Visitors are able to explore the north in all its glory via individual or combined winter tours.
For more information or to make a booking, visit the Aurora Village website.
The aurora borealis effect happens in the Northern Hemisphere when the sun’s electrically charged particles, riding on a solar wind, enter the Earth’s atmosphere and collide with gases — namely oxygen and nitrogen. When the sun is at its most active is when you’re most likely to catch a spectacular display. The name comes from Aurora, the Roman goddess of dawn, and Boreas, the Greek god of the north wind. Much of Canada’s North lies beneath the Northern Hemisphere’s Auroral Oval, a hot spot for activity.
First of all, aurora borealis is elusive — which makes it all the more attractive. It’s an awe-inspiring natural phenomenon and there’s no guarantee of a show. That said, chances are good, especially in the North near the magnetic pole. The effect makes for fantastical hues, though the Lights can take all kinds of forms — from arcs and rippling curtains, to misty wisps and translucent clouds. Sometimes it’s an eerie green, sometimes it’s shimmering purples, pinks, and yellows. Green is the most common, while red is rare. The colors zig, zag, and move surprisingly quickly — some say, “dance” — across the inky, night sky.
It’s possible to see the Lights (almost) anywhere in Canada during all four seasons. But the North is the best place to see them, where they are the most active, most of the time. And the best venues are remote communities with little or no light pollution. You can’t see the Lights through the clouds, so if you’re near the coast — say in British Columbia — steer clear of coastal clouds and head north. After that, you want to seek out higher ground. Winter (December to March) is often the luckiest season, thanks to more hours of darkness each day and frequent cold, clear nights. The best time? Around midnight: 10 pm to 2 am is the window, so get ready to stay up late. Though you may be able to see them in any Canadian city or province (if you’re lucky!) the following are the best spots for a sighting.
The very best place to see aurora borealis in Canada — if not the world — is the Northwest Territories, where they’re generally visible 240 nights a year. The optimal timeframe is either fall or winter (though summer is pretty good, too).

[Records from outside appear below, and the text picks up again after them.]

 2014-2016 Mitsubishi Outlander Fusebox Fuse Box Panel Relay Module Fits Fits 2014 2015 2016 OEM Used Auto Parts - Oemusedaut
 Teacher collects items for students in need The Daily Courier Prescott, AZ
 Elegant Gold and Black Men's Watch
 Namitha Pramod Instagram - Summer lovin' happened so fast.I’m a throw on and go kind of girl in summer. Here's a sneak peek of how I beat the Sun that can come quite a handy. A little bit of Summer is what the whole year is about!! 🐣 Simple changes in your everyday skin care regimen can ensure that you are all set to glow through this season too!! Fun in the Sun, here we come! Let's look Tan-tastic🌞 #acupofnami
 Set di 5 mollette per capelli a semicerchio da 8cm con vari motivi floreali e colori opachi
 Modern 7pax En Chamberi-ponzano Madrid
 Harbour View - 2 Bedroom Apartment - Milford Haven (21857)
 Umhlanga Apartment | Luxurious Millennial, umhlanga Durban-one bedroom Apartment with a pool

Autumn – If solitude is your thing, take a scenic bush plane ride from Yellowknife to elegantly rustic fly-in Blachford Lake Lodge & Wilderness Resort. Watch the aurora show from the deck hot tub or the dome-shaped rock out front overlooking the water. The best part? You can combine hiking, fishing, and paddling with the big show.
Winter – The Lights are especially dramatic in winter, contrasted against a frozen, white wonderland. The most convenient way to take in the show is in cozy comfort at Aurora Village, a teepee village just outside Yellowknife. Specially designed for aurora observation, the place is equipped with spacious wood-stove heated teepees, fur-lined sofas, and warmed viewing capsules that recline.
Aurora Village doesn’t just offer jaw-dropping viewing tours. It also provides fantastic daytime winter activities at their teepee Village as well as outstanding dining experiences.
Guests can partake in multiple authentic northern experiences such as dog sledding, snowshoeing, ice fishing, snowmobiling, and even dream catcher lessons.
You can select from a “hassle-free arrangement“ with the company’s packages or opt for a combination of daily tours at a discount, providing you with the flexibility to organize your trip and save money.
In addition to picking and choosing your winter experiences, guests can enjoy a variety of other fun activities including warming up and roasting marshmallows on the fire pit, tubing on the giant slide, and trying out traditional snowshoes, all included in the tour prices.
Since the Village opened in November 2000, it has evolved to become “Yellowknife’s premier aurora-viewing destination.”
CEO Mike Morin and his family are originally from Fort Resolution, the oldest trading settlement in the northern territories and home to mostly Metis and Dene people
The Village is also entirely owned by First Nations peoples.
“We have called Yellowknife home for many years,” Morin says on the Village’s website. “It is our mission to share the Northwest territories Aboriginal heritage, culture, and traditions with others through Aurora Village.”
Guests that tour with the company for three nights of aurora-viewing have roughly a 95% chance of seeing the lights at least once, and 98% if they make it four nights.
Those are pretty good odds!
The best times of year to visit Aurora Village to try and see the northern lights are the summer/fall season from August 12 to October 14, or the winter/spring season from November 20 to April 13.